Broken panes of glass are not to hard to replace. Wear protective gloves when working with glass pieces (I am not always so smart, and I have had some bad slices because of this forgetfulness). Take precautions when removing the old pane, so you will not have glass shards everywhere. Use the trusty flat head screwdriver to scrape the window frame clean of glazing and particles. There are other tools for this, but I know that you can do this task with tools that you already have around. You may want some type of knife to help you with this task. A glass shop can cut a piece to the dimensions you need. Buy the putty like substance that is meant for holding the glass in place (silicones can be really messy for this task). Some glass will have these little diamond shaped metal pieces for holding it in place. These are usually on wood frames, and you should re-install them. The glazing will take a while to dry, but you are finished at this point.

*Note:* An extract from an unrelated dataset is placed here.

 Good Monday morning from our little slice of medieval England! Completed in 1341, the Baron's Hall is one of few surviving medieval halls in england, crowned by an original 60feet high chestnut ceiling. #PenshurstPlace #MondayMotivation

Here is an idea to give your window a new coordinated look with your house. Paint the frames. People always remember to paint wood frames, but all frames are paintable. I painted my aluminum frames black. This color causes the frame to recede from view when looking at the house from the front yard or sidewalk. Inside the house, the frame could match your color scheme for a room.
If you feel that draft during winter, you will want some of those insulation strips that are sold for windows. Purchase the right size! Bigger is not always better. Your window is designed to close in a certain position, and these strips could be too large. Look at your windows construction, and fill in the gaps with an appropriate insulator. One of the few times that I actually recommend silicone is for sealing around the window frame to help keep your air conditioned air in and the drafts out. Check to see that the silicone is right for you application. (Silicone is a great product when used in the proper way, but many people create new uses for it all the time).
I hope this gives you some ideas and hints for your windows. Good luck. Just plan out your job by thinking through what you will need to do, and do not buy a specialty tool that you will never use again. Every contractor that I know adapts other tools to the task at hand, instead of lugging a lot of specialty tools around with him.